A entendre Sellal parler et tenter de bien saisir le sens de ses propos, Bouteflika pense se donner une année «peut-être deux ans» du 4e mandat pour terminer la mission qu'il s'est fixée», nous dit-on. «Entre 2014 et 2015, il aura construit un Etat fort, moderne, garant des droits de l'homme, des femmes, des jeunes, des libertés à tous les Algériens, le tout sera consacré dans les lois et personne ne pourra priver (yahgar) personne de son droit», affirme son directeur de campagne. Sellal anticipe et lâche «et il remettra le flambeau à la génération de l'indépendance». Il fait savoir alors que la mise en place d'une telle stratégie «nécessite un grand consensus et un soutien fort». Il inclura la question de tamazight dans ce «travail». Il rappelle qu'«avant, tamazight était un ogre qui faisait peur si on tentait de s'y approcher, aujourd'hui, Bouteflika l'a consacré langue nationale». Sellal veut convaincre: «Je suis Kabyle, Chaoui, Targui, ana Imohar, comme disent les hommes du Hoggar (nous sommes un seul homme)». Il dira encore «il reste des insuffisances à combler, l'académie doit bouger pour développer tamazight, pour qu'il participe dans le développement ici et à l'étranger», fait-il savoir.
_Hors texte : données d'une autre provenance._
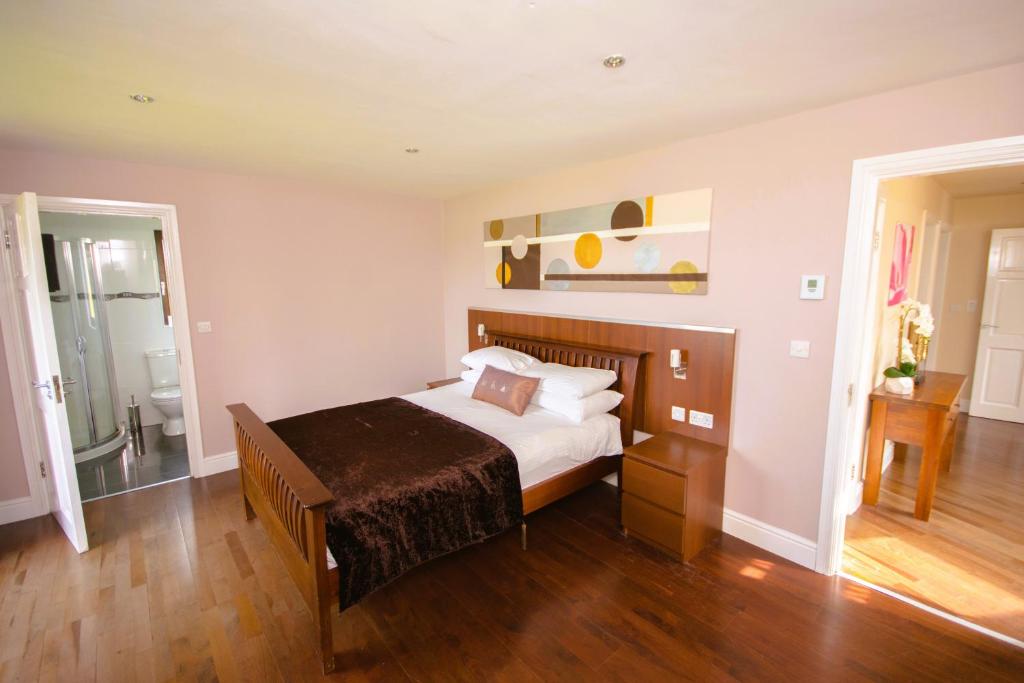 Fuchsia Lodge - New Luxury 5* Beachside Lodge with Sauna - 4 beds ensuite - Spectacular Location photo 3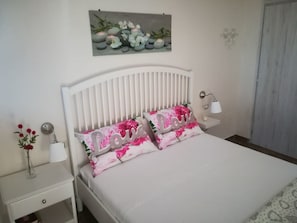 Chambre Double (Orchidea) | Décoration personnalisée, ameublement personnalisé, lits bébé (gratuits)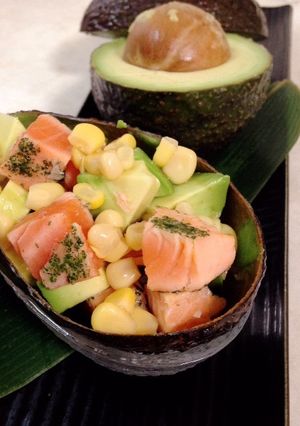 アボカドあぶりサーモンサラダ-レシピのメイン写真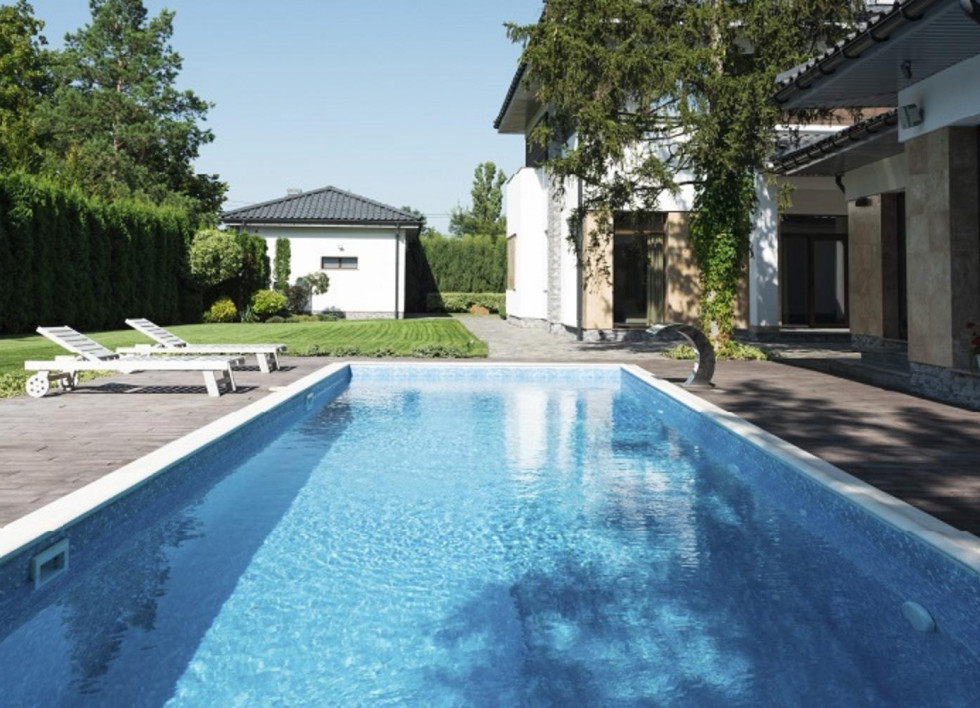 Cambre estudia fijar un sistema de turnos para llenar piscinas  y evitar incidencias con el agua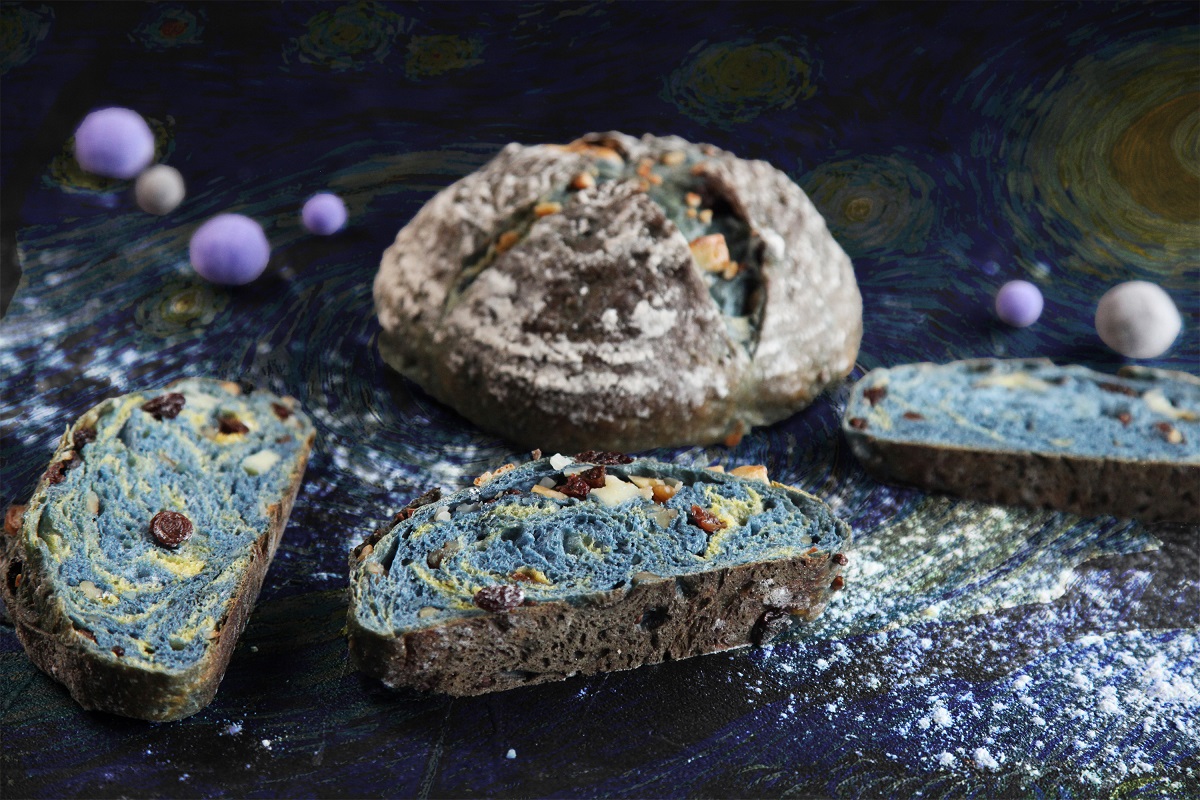 以招牌乳酪歐式麵包為基底設計的「星夜」同名麵包，售價280元，主廚為了創作出猶如名畫中的藍靛色的夜空，特別選用天然槴子花與老麵自然發酵。(圖 六福旅遊集團提供)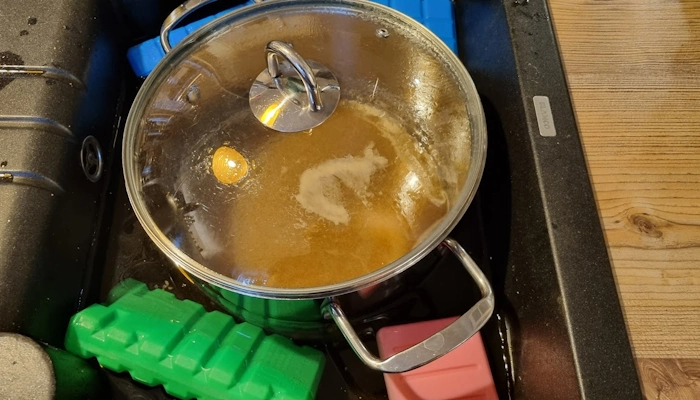 Kühlen der Würze im Waschbecken mit Eispacks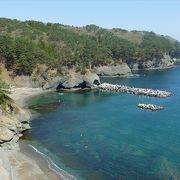 晴れた日には、蛸の浜周辺の海岸線がきれいに見える橋。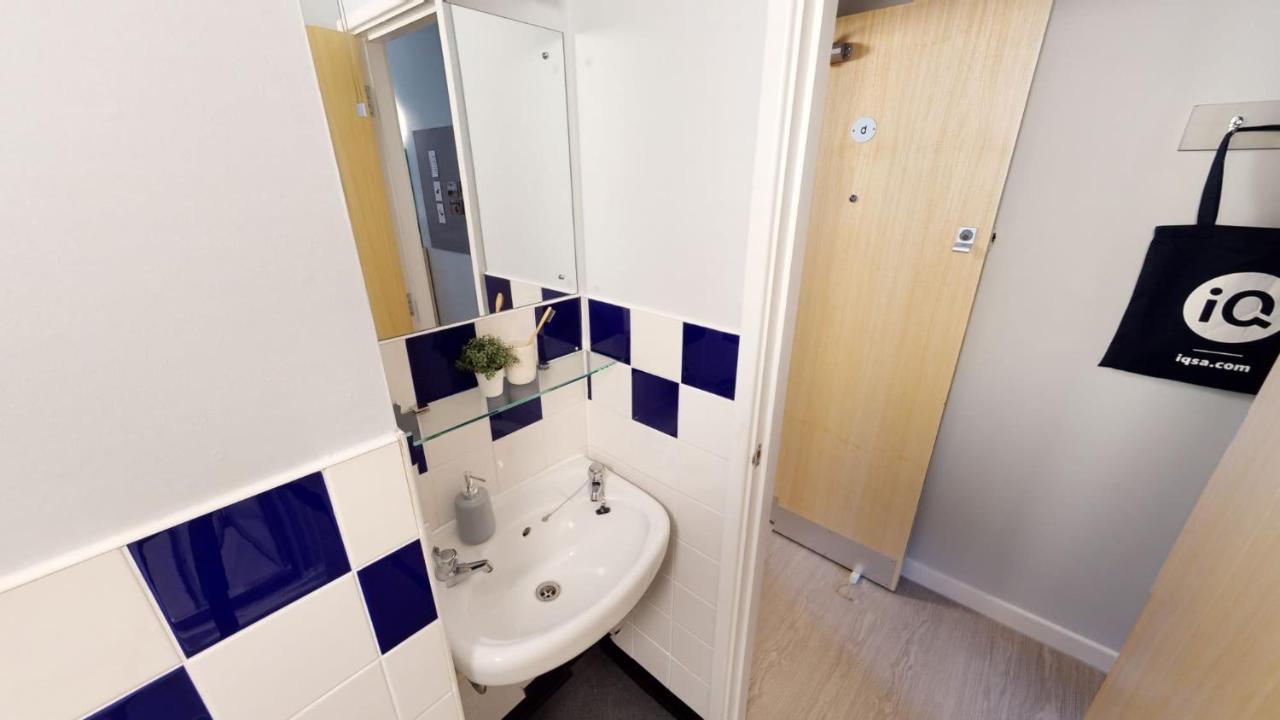 Great Newton House In Liverpool Extérieur photo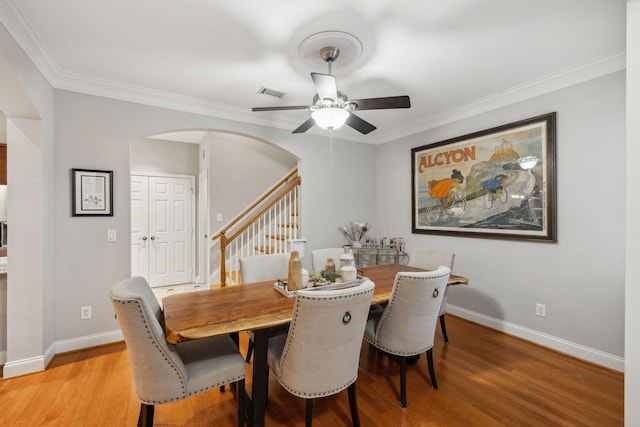 dining space featuring light hardwood / wood-style flooring, ceiling fan, and ornamental molding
Il explique «progressivement, tamazight aura sa véritable place parmi les constantes nationales». Il ne fera pas la promesse de consacrer tamazight langue officielle.

Mais il continue d'en parler pour expliquer: «On est contre l'exclusion, celui qui me frappe, je l'embrasse, nous avons besoin de sagesse et Bouteflika est sage, on doit avancer doucement parce que nous avons une société complexe et compliquée». Il fera encore part du «rêve du moudjahid Bouteflika» et soulignera que «ne lui reste pour être rassuré (yathena), que de voir l'Algérie un pays fort et moderne, lorsqu'il m'a chargé en tant que 1er ministre de le représenter à l'étranger, j'ai vu dans les yeux des grands de ce monde qu'ils lui vouent un grand respect, il est une référence internationale sur laquelle on s'appuie, il veut une république démocratique, égalitaire et pour qu'elle soit forte, on a besoin d'un front interne solide». Sellal estime que «si on a été épargnés, c'est parce qu'on a assuré la stabilité du pays, on est solidaires, unis». Il affirme que «la stabilité est un acte de souveraineté nationale, on a besoin de la renforcer; pour cela, on a besoin de fraternité entre nous». Il soutient que «je crois en ce pays, ce monsieur (Bouteflika ndlr) me l'a appris». Et pour clarifier davantage ce que veut le président-candidat en briguant un 4e mandat, Sellal fera savoir que «Bouteflika a mis dans sa tête, qu'avant qu'il ne quitte cette vie, il doit faire de l'Algérie un pays fort».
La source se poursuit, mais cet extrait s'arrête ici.